Only the pictures are to be left out; write out the rest of the data exactly.

*** Exercise data ***

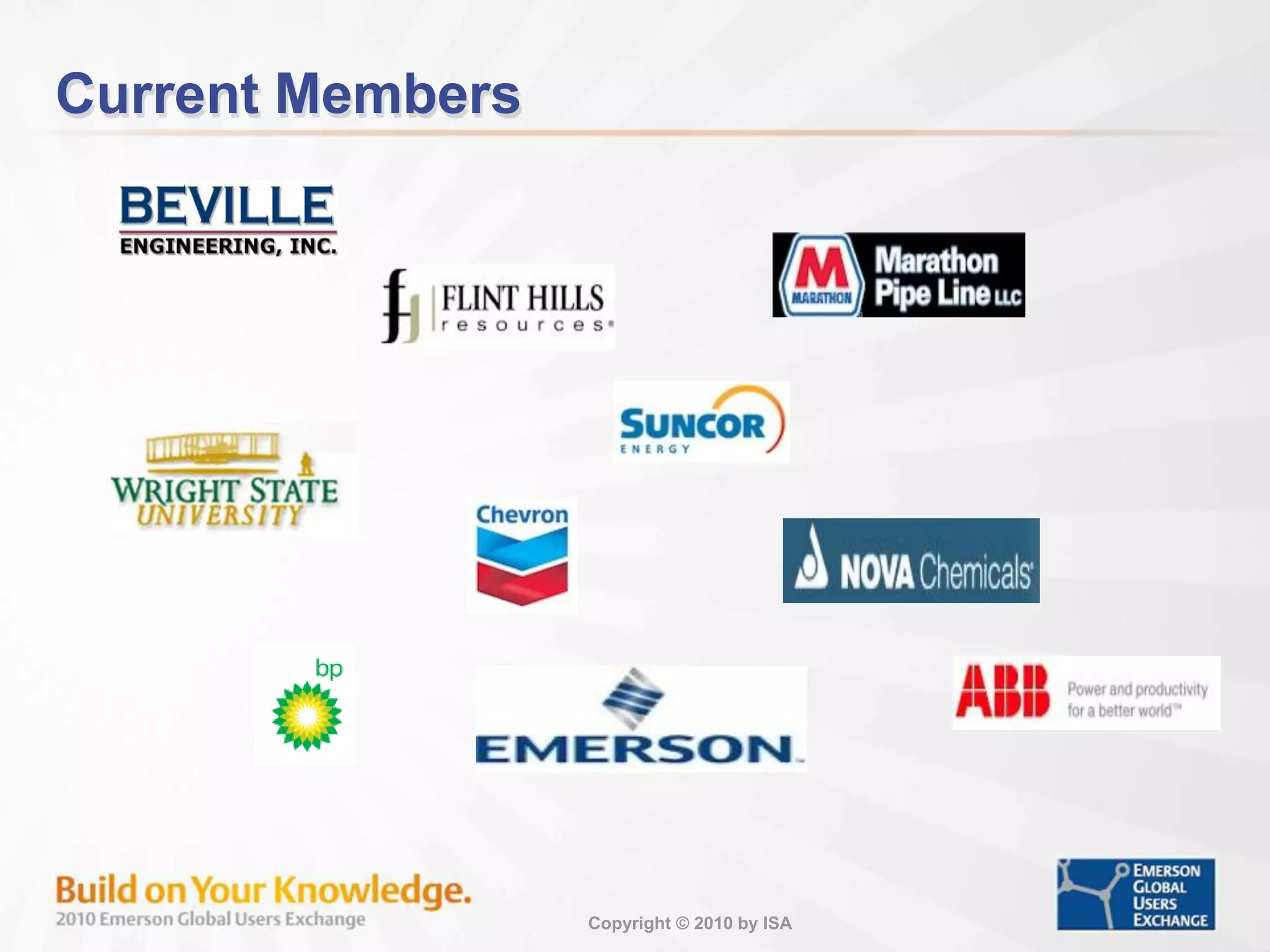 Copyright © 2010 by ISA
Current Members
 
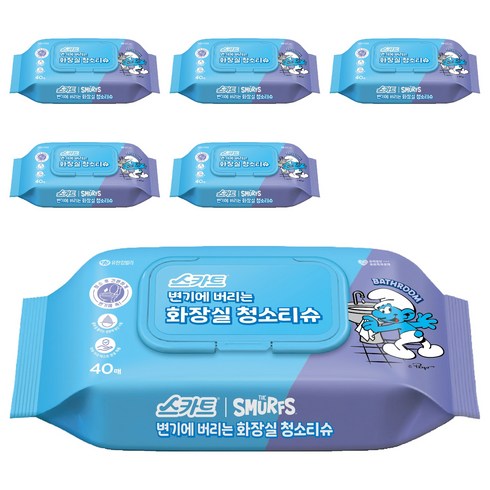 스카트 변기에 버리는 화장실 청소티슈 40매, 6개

***

#### Task output:
 Copyright © 2010 by ISA
Current Members
 
 스카트 변기에 버리는 화장실 청소티슈 40매, 6개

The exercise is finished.